Work instructions:
Exactly the lines below starting at the line with "Teddy Bear dogs for sale: Teddy Bear - Ad 2" and ending at the line with "AslanAğzı Uzun Antik" are wanted, with both ends included. Leave out the pictures and add no other lines.
#### Extracted information ####
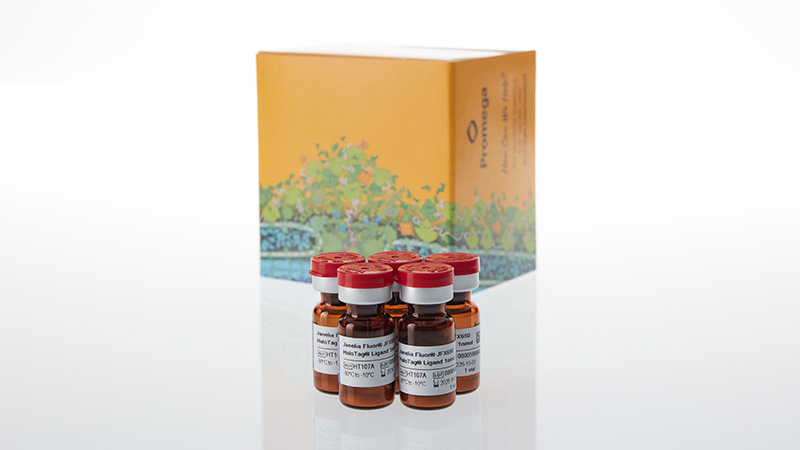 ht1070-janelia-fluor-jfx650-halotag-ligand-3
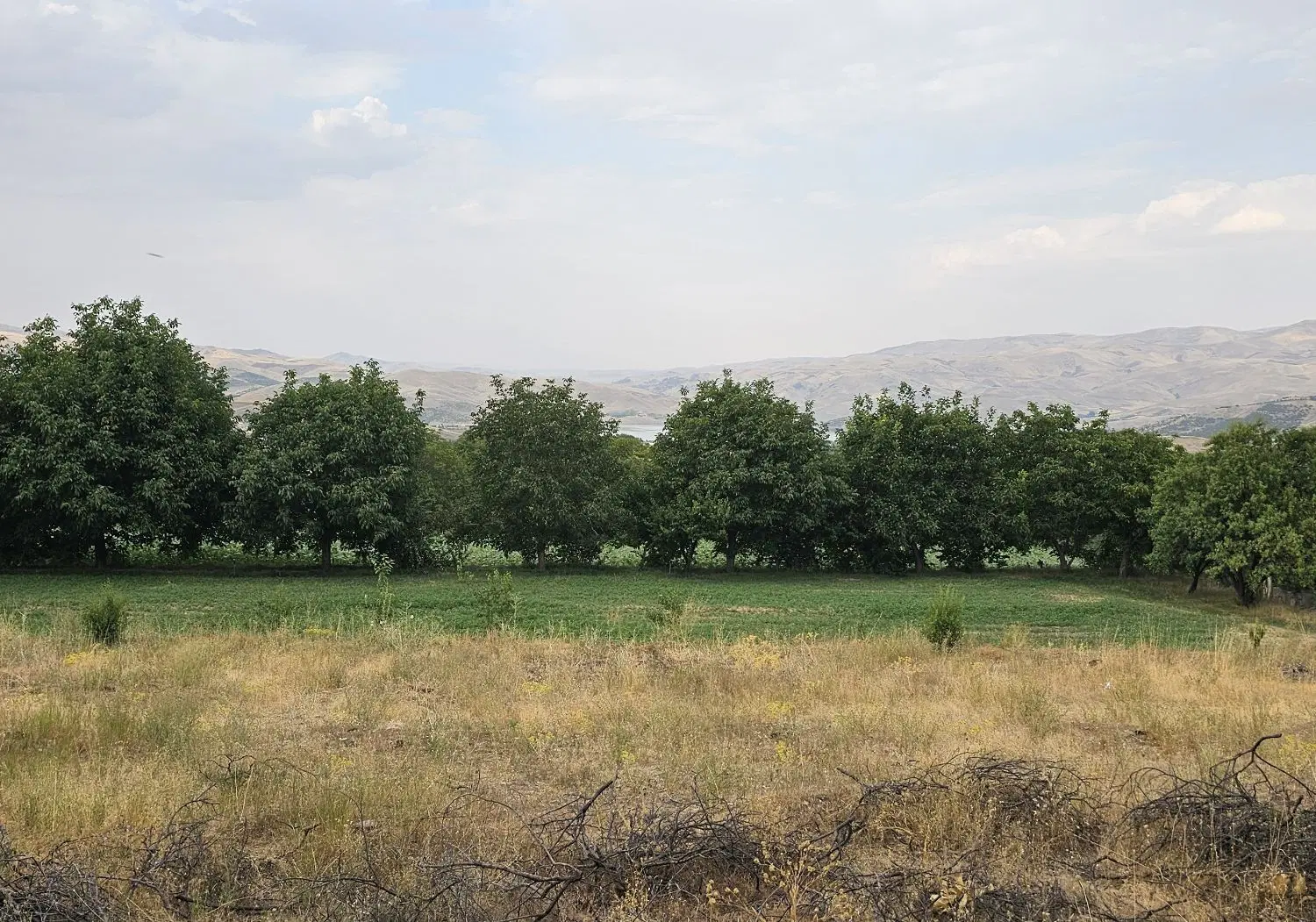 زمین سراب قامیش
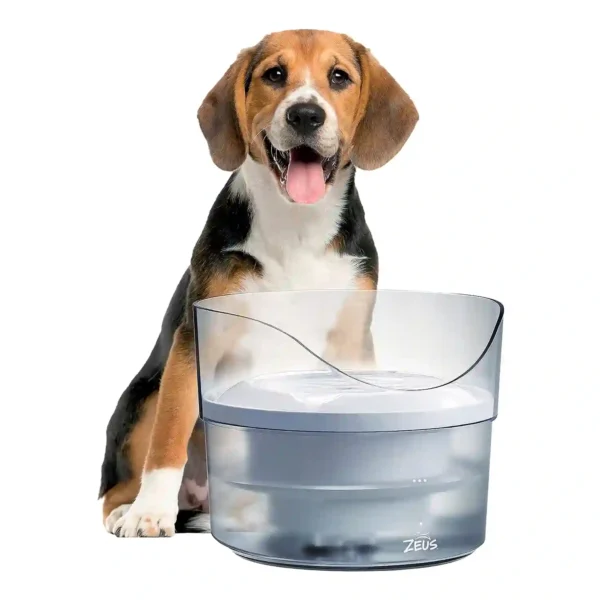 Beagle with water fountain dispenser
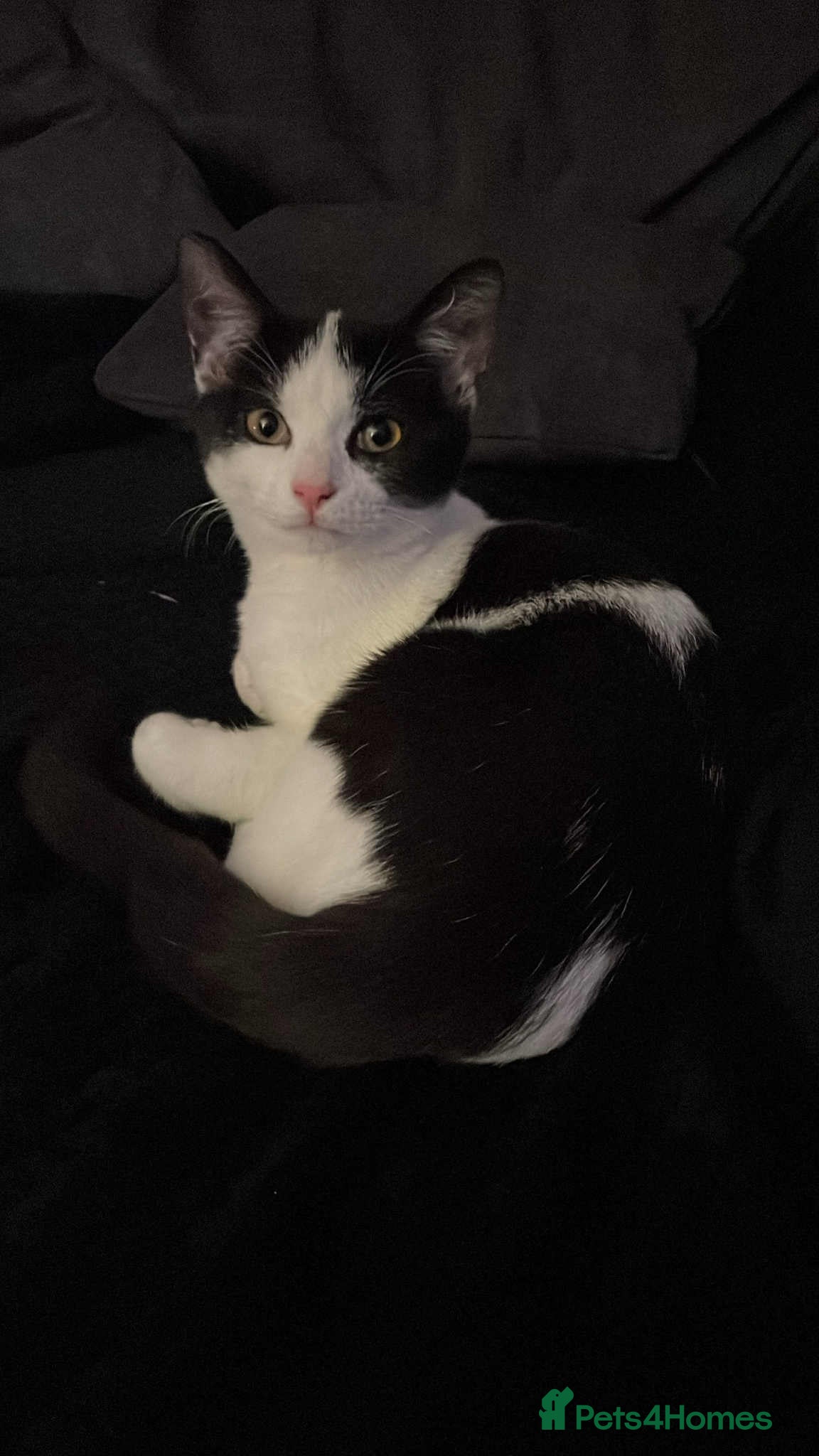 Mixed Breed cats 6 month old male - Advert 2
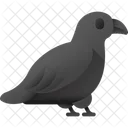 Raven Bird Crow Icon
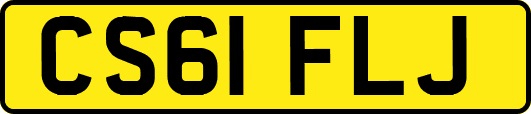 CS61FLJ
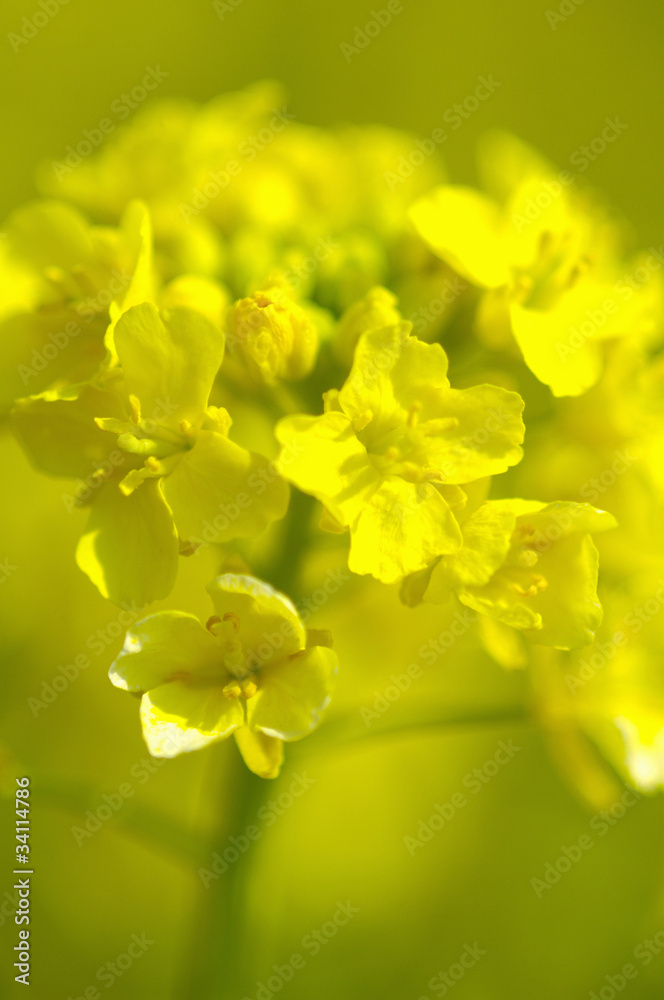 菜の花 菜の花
####
#### Extracted information ####
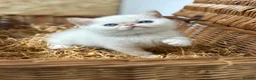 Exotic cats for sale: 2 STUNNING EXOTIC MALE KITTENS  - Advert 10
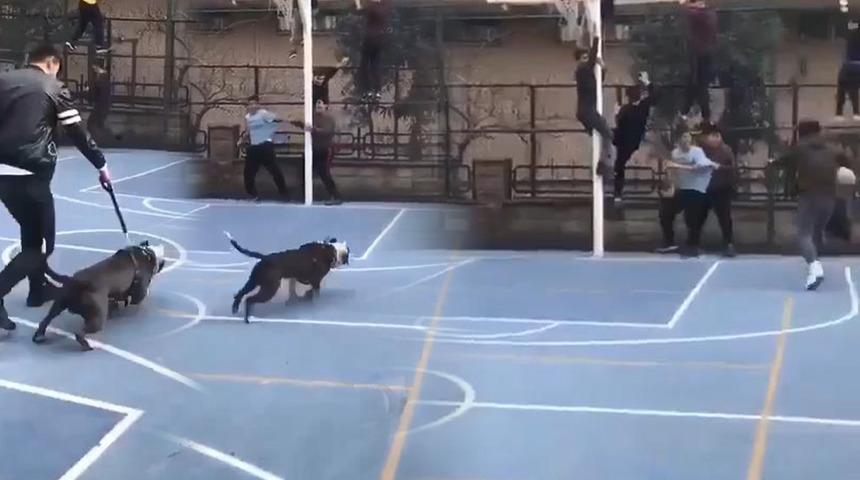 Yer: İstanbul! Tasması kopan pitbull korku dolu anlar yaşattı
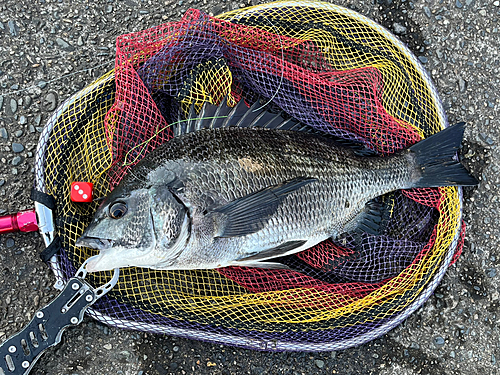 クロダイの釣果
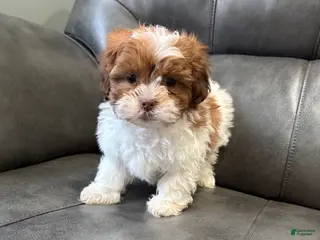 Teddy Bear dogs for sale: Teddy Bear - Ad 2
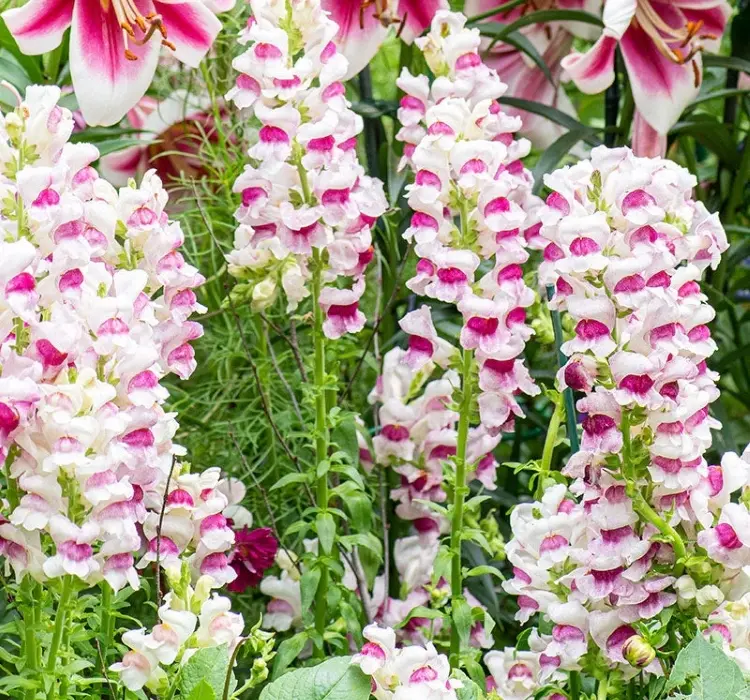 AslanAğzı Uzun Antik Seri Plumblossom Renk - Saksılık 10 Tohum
####
#### Extracted information ####
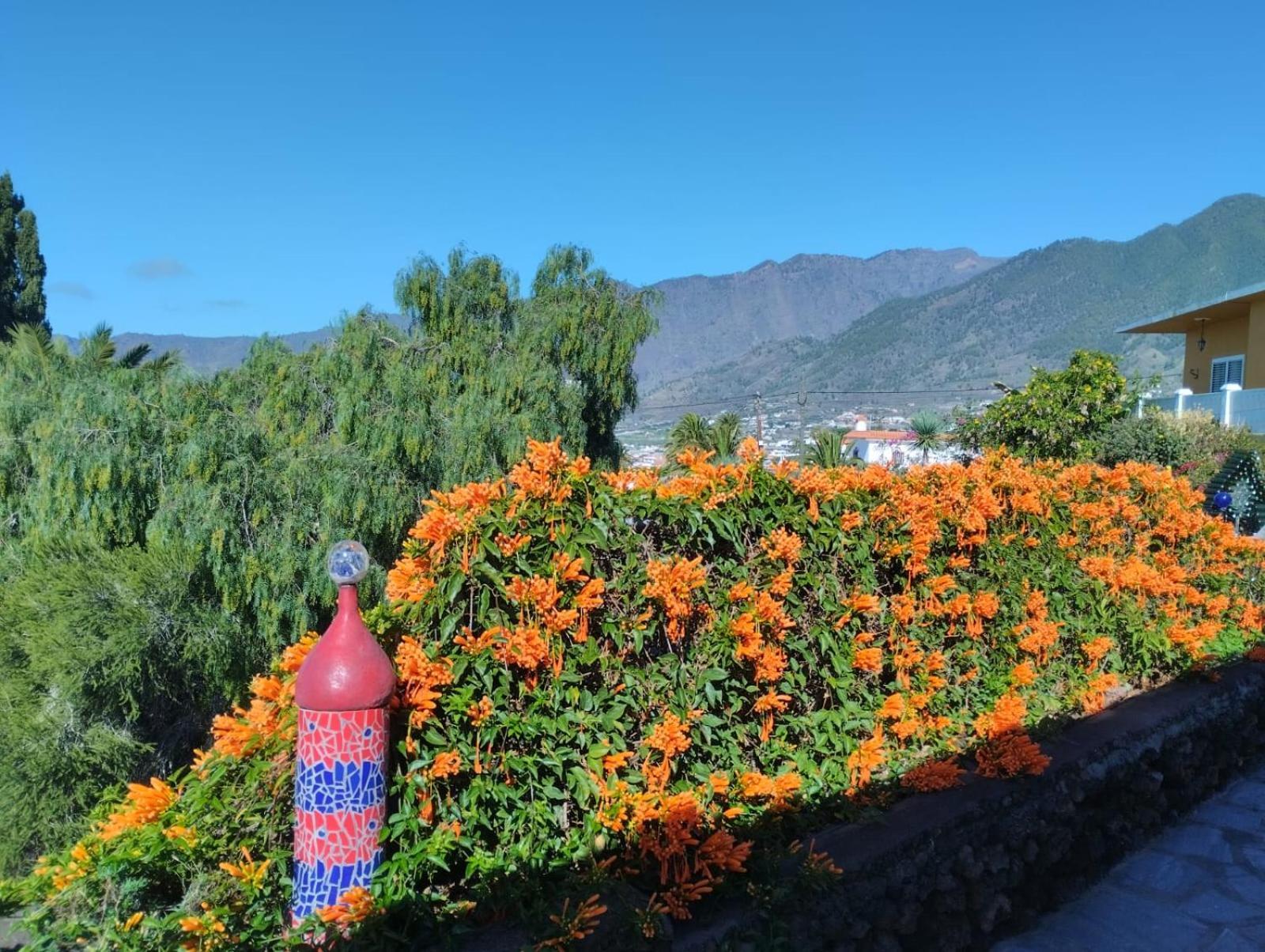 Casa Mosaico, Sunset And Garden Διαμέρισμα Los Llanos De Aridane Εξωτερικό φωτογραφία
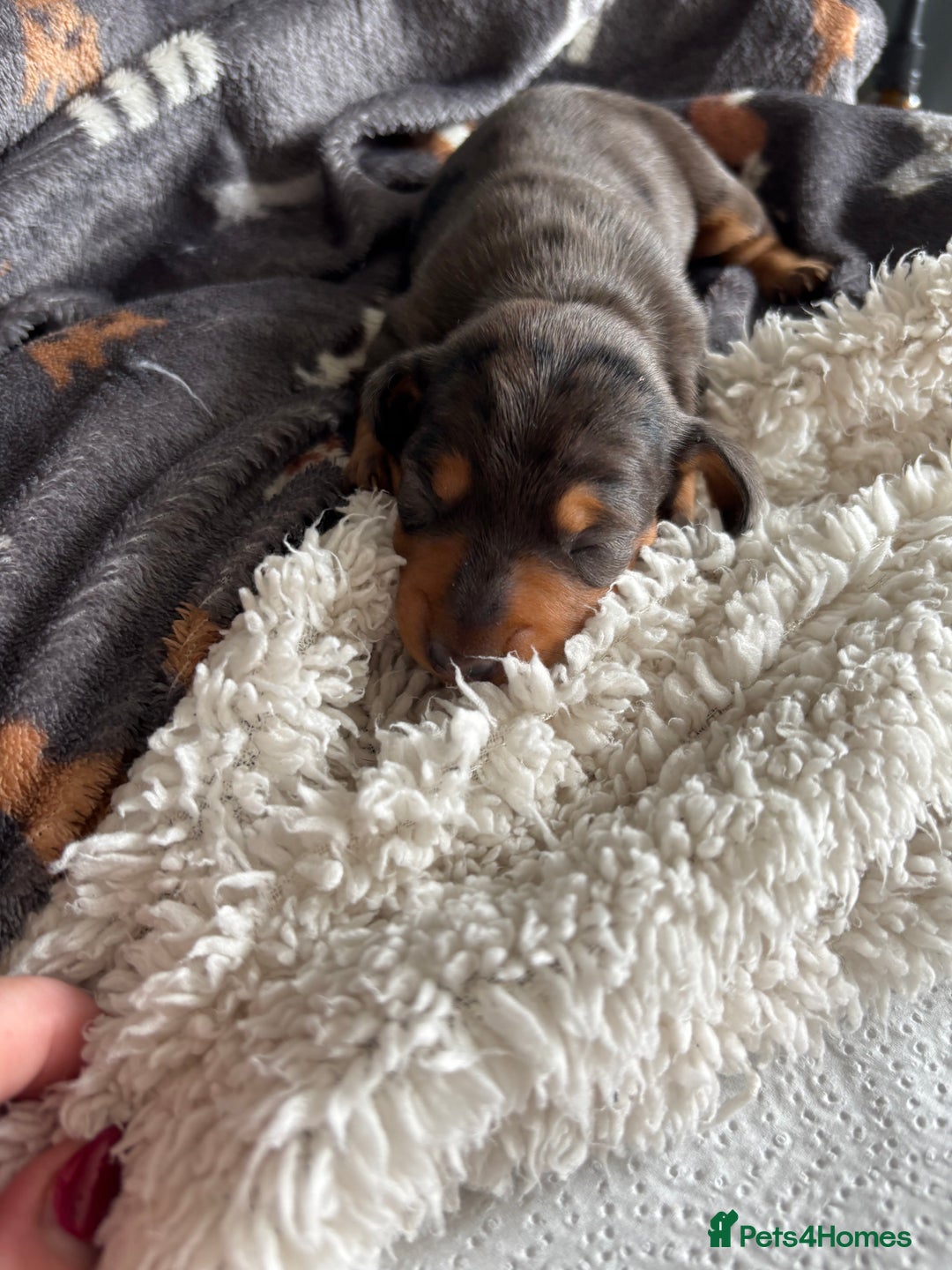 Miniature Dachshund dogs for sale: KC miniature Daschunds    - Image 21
####
Task solution:
 Teddy Bear dogs for sale: Teddy Bear - Ad 2
 AslanAğzı Uzun Antik Seri Plumblossom Renk - Saksılık 10 Tohum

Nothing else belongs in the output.